- Born: c. 1840s
- Died: 16 May 1868 Near Magdala, Ethiopia
- Other names: Queen Terunesh
- Occupation: Empress consort
- Known for: Role in the 1868 British Expedition to Abyssinia; mother of Prince Alemayehu
- Title: Empress consort of Ethiopia
- Spouse: Tewodros II
- Children: Dejazmach Alemayehu
- Parents: Wube Hayle Maryam (father); Woizero Lakiyaye (mother);

= Tiruwork Wube =

Empress consort of Ethiopia and wife of Emperor Tewodros II

Tiruwork Wube (died 16 May 1868), also known as Queen Terunesh, was Empress consort of Ethiopia as the second spouse of Emperor Tewodros II of Ethiopia.

==Origin==
She was the daughter of Dejazmatch Wube Hayle Maryam, an ethnic Amhara, and the prince of Semien province who became the virtual ruler of all of northern Ethiopia after his conquest of Tigray province and parts of modern day Eritrea during the 1830s and 1840s.
Her mother was Woizero Lakiyaye, a noblewoman of Tigray Tiruwork Wube was maternally a descendant of Ras Wolde Selassie who ruled much of the region and established his capital at Chalacot in the late 1700s. The family of Dejazmatch Wube were descended from Emperor Fasilides, and the Dejazmatch had long harbored ambitions of becoming Emperor himself. However, Tewodros II defeated Wube, and had himself crowned at the church of Derasge Maryam that Wube is said to have built for his own planned coronation. Tewodros is said to have especially hated Dejazmach Wube among his enemies and ordered that he be chained and imprisoned for life along with his sons. A deeply religious woman, Tiruwork Wube endured her father's condition by resorting to prayer and fasting, and planned on entering a convent.

==Marriage==
Following the death of Tewodros II's much loved first wife, Empress Tewabech Ali, his intimates began to discreetly look for an appropriate consort to provide him with an heir and to calm his more extreme moods as his late wife had done. Legend states that one of the Emperor's officers was attending Sunday services at a church at Derasge when Tewodros was staying there, and was struck at the beauty, the aristocratic deportment, and the deep piety of a woman worshiping there. He immediately went to the Emperor and told him he had seen the woman "meant to be the wife of my sovereign". Tewodros made inquiries, and learned that the woman was none other than the daughter of his enemy Wube Hayle Maryam. However, her royal bearing, her illustrious family tree, and great beauty impressed him sufficiently to want to marry the daughter of one of his greatest foes. Tiruwork Wube resisted, begging to be allowed to enter a convent, but her family prevailed upon her to marry the Emperor in hopes that the harsh imprisonment of her father and brothers might be ended, or at least eased.
Unfortunately, the marriage was not a particularly happy one. Unlike his first wife, his new Empress was not able to calm his rages, and probably had little interest in doing so. The Emperor had ordered the conditions of imprisonment eased on Dejazmach Wube and his sons, but had not freed them as Empress Tiruwork had hoped, and this contributed to the coldness that developed between them. Tiruwork Wube also believed that in marrying Tewodros, whom her peers regarded as a usurper, she had married below her station. She deliberately refused to rise to her feet when he entered a room as was customary, often pretending not to have seen him. Once upon entering a room where his wife was seated, Tewodros found her reading a book of Psalms and pretending to not notice his entrance. He angrily asked her why she did not rise. The Empress ignored him. In a fury the Emperor loudly demanded to know why she dared to ignore him when he spoke to her, she casually looked up and said "I am speaking with someone far greater than you". The Emperor stormed out. Tiruwork Wube was cold and condescending to Tewodros, and he was angry and cruel in return. He philandered regularly, even referring to one of his mistresses as "Empress Yitemegnu". They did however manage to produce a son, Dejazmach Alemayehu Tewodros, whom both adored.

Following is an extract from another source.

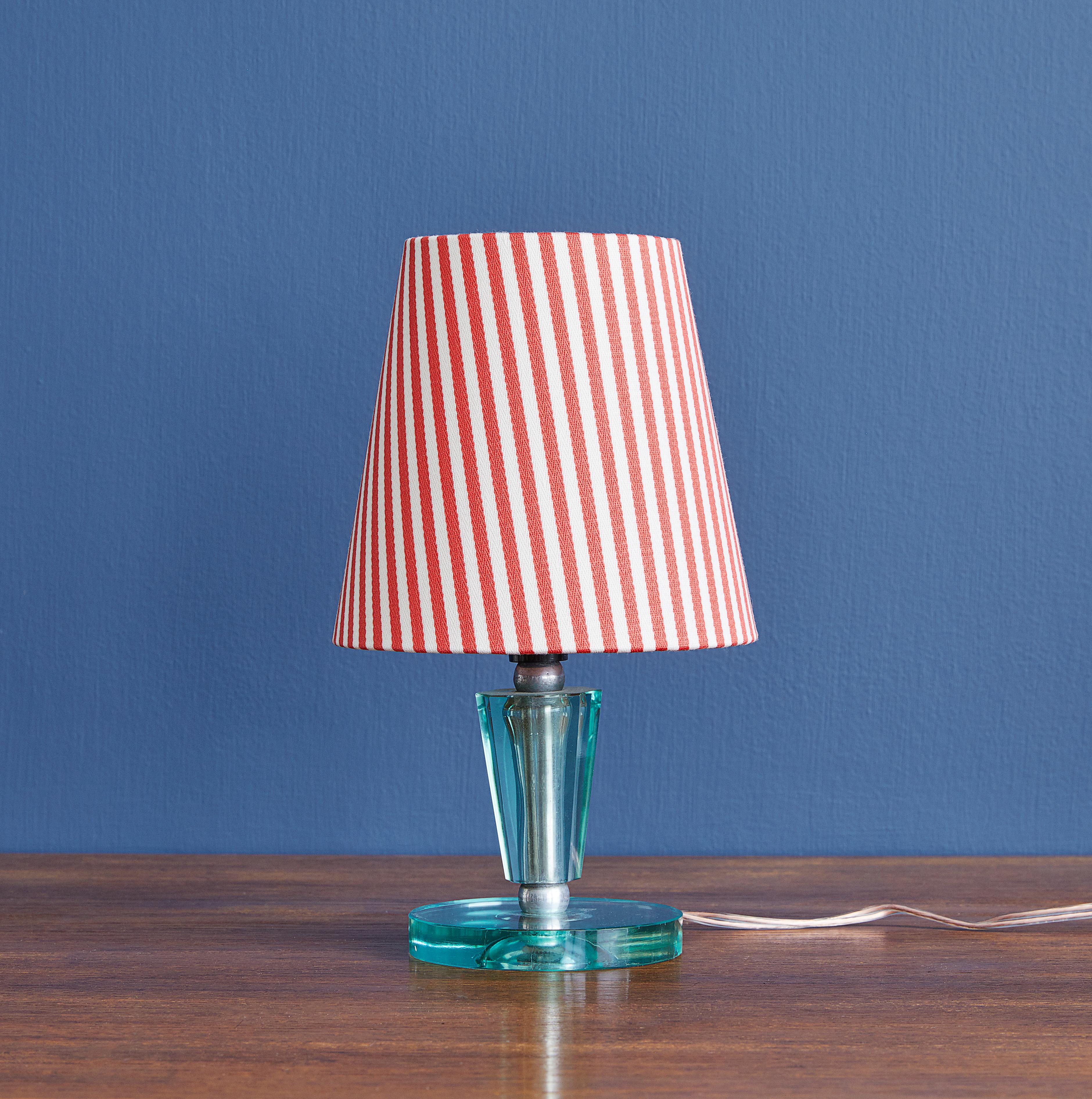 Vintage Italian table lamp in clear Murano glass with brass fittings. New linen shade with red stripes.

While the marriage was quite stormy, and they spent time separated from each other frequently, they were reconciled on several occasions, and were reconciled at the time that the British arrived in 1868 to free the European prisoners the Emperor had seized. On one occasion, when Menelik of Shewa arrived at Magdala with his army and threatened to take over the mountain citadel in Tewodros' absence, Empress Tiruwork was instrumental in rallying the Emperor's forces and repelling Menelik.

==Death==
Upon Tewodros II's defeat and suicide on Easter Monday 1868, the commander of the British Expeditionary Force, Sir Robert Napier took Empress Tiruwork and her son under his protection. After initially agreeing to allow her son to go to England with the expedition while she returned to her native Simien, Empress Tiruwork then suddenly decided that she would accompany her son. Empress Tiruwork was suffering an illness, and the stress from the death of her husband and her uncertain future took their toll. Napier accorded the Empress every royal dignity and assured that Tewodros' family were treated appropriately. The Empress learned that her male relatives, in reply to Napier's request as to what should be done for the Empress, had said "do what you want with her". Hurt by this betrayal, she was also being harassed by a Captain Speedy from the British forces, who had previously been acquainted with Tewodros, and now constantly tried to get his widow to appoint him guardian to young Alemayehu. She asked Napier to keep him away, and he ordered Speedy to stop harassing the Empress. The expedition left for the coast, but the Empress' health began a swift decline. She died before she reached the coast, and her young orphaned son left for Britain without any relative at his side.

Empress Tiruwork Wube was accorded full honors by the British troops as her body was carried away to the monastery of the Holy Trinity at Chalacot in Tigray, where her paternal grandfather had been buried. She was mourned by her mother, Woizero Lakiyaye, who before departing with her daughter's body for Tigray, handed Napier a letter for Queen Victoria. In it, the grandmother of Dejazmach Alemayehu asked the British Queen to care for the little prince as if he were her own, as she herself, could no longer be of any help to him. The letter touched the Queen deeply, and she took over responsibility for Alemayehu's education. Queen Victoria wrote of her sadness in her diary when the Ethiopian prince died at age 19, just a few years later.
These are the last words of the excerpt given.